What Does the Lord our God Require of Us
AM Psalm 95* & 40, 54 • PM Psalm 51
Deut. 10:12-22 • Heb. 4:11-16 • John 3:22-36
* for the Invitatory
Albert Camus in his Myth of Sisyphus claims that the central question of philosophy is Hamlet's question: “To be or not to be?” but for us who worship the one God, it is, “What does our God require of us?” In our reading for today from Deuteronomy, the author poses that question and then answers it. “What does the Lord your God require of you but to fear the Lord your God, to walk in all his ways, to love him, and to serve the Lord your God with all your heart and with all your soul, and to keep the commandments and statutes of the Lord...?” The word but near the beginning of this long rhetorical question implies that the requirements will be easy, but they get harder as we read it, until we reach “commandments and statutes,” of which there are more in the books of Leviticus, Deuteronomy, and Numbers than most readers today can remember or intend to keep. In Mark 12 and other gospels, Jesus paraphrases this sentence, condensing it and (in a way) making it easier: “You shall love the Lord your God with your heart and with your soul and with your mind and with your strength”; then Jesus adds, quoting from Leviticus 19, “You shall love your neighbor as yourself.” The author of Deuteronomy gives us examples of those neighbors who need our active love: “orphans, widows, sojourners in our land.” Jesus in his parable of the Good Samaritan (Luke 10:25) broadens those to all people whom we must not only love but act out our love by helping them, and John the Baptist, in the Gospel reading for today, shows us by example how to love God and our neighbor unselfishly when he tells his disciples, “He [Jesus] must increase, but I must decrease.” How to decrease on purpose for the sake of God or neighbor or our own soul is very hard, and figuring out how would require more morning reflectioning, so we might go back to Nick Cole's “Morning Reflection: Epiphany” of 6 January 2021.

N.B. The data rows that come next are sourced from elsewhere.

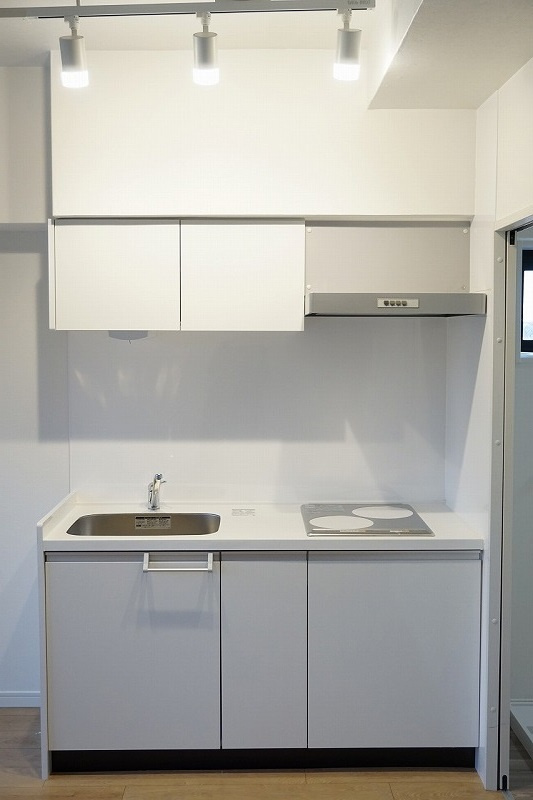 新品家具付きマンション赤坂21(KaGood福岡)のキッチン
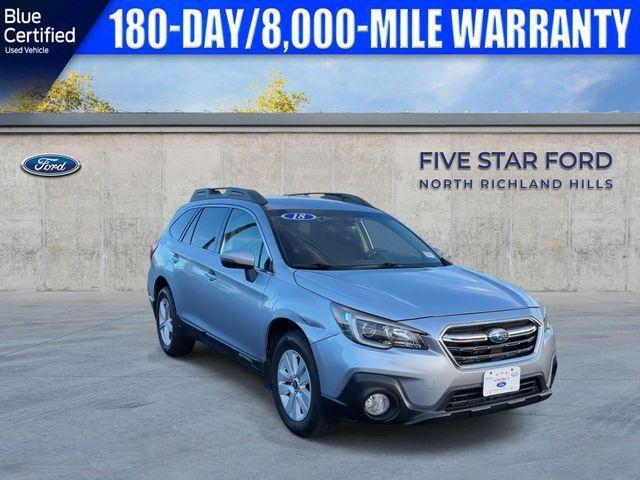 used 2018 Subaru Outback car, priced at $13,000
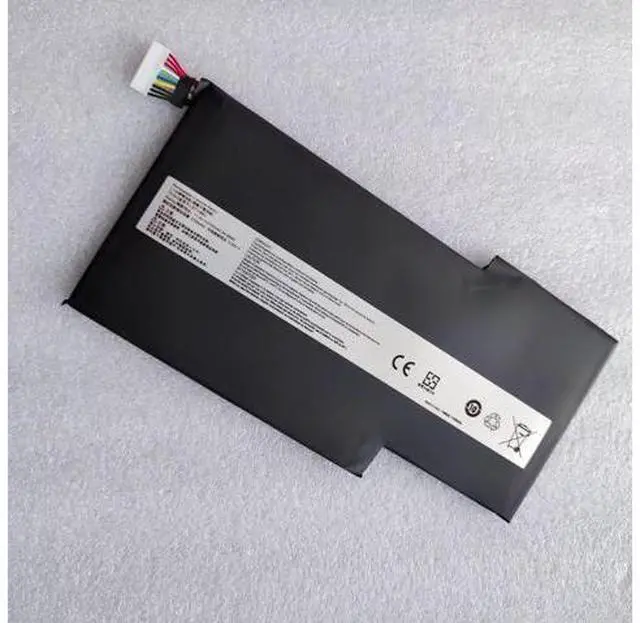 Main image of BTY-M6K Battery for MSI GF63 Thin, GF65, GF75, GS63VR, GS73VR | 11.4V 52.4Wh | Replaces MS-16K3, MS-17F1 | Compatible with GF63 8RC/9SC, GF65 9SEXR, GF75 9SC, GS63VR 7RG
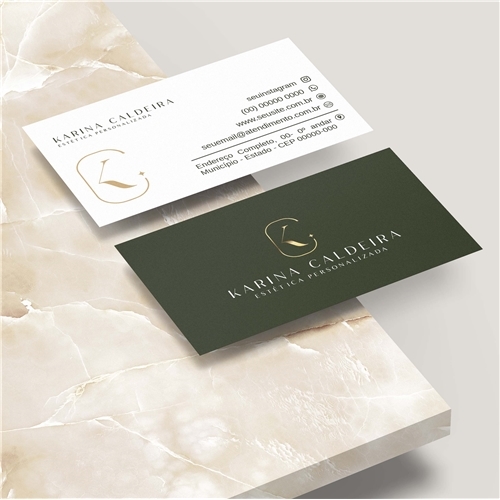 Comprar Logo e Cartao de Visita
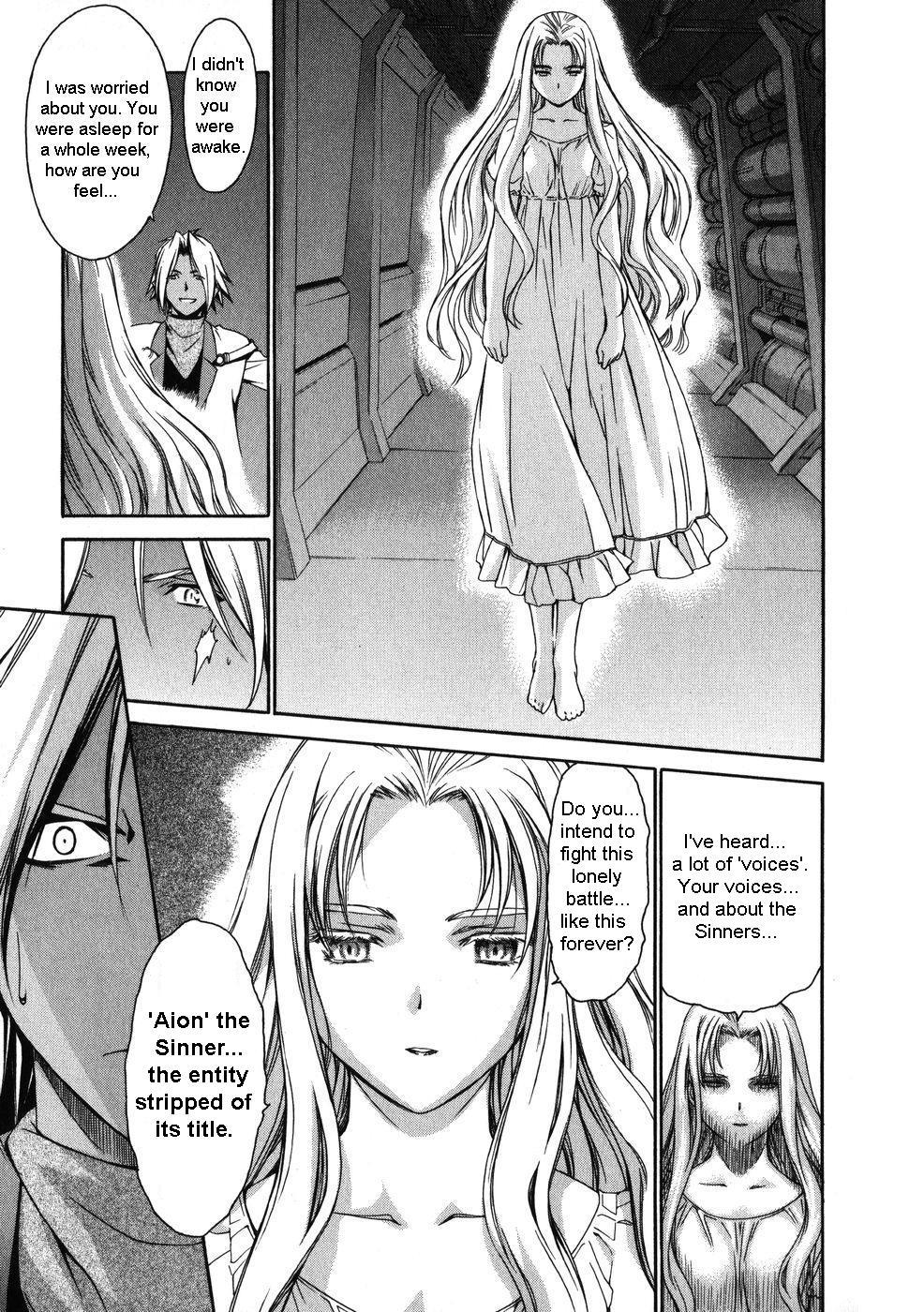 Read Chrno Crusade Manga Online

We may be fulfilling the first of Jesus's two “Great Commandments” better these days in our prayers when we acknowledge our helplessness without God against the corona virus, but to fulfill the second, we should pray for the imagination and dedication in this time of isolation to find ways to encourage and help our neighbors.
Written by John Tabb DuVal
John asks for your prayers for him and his family on the loss of his much-loved brother, Frank, on 6 February 2021.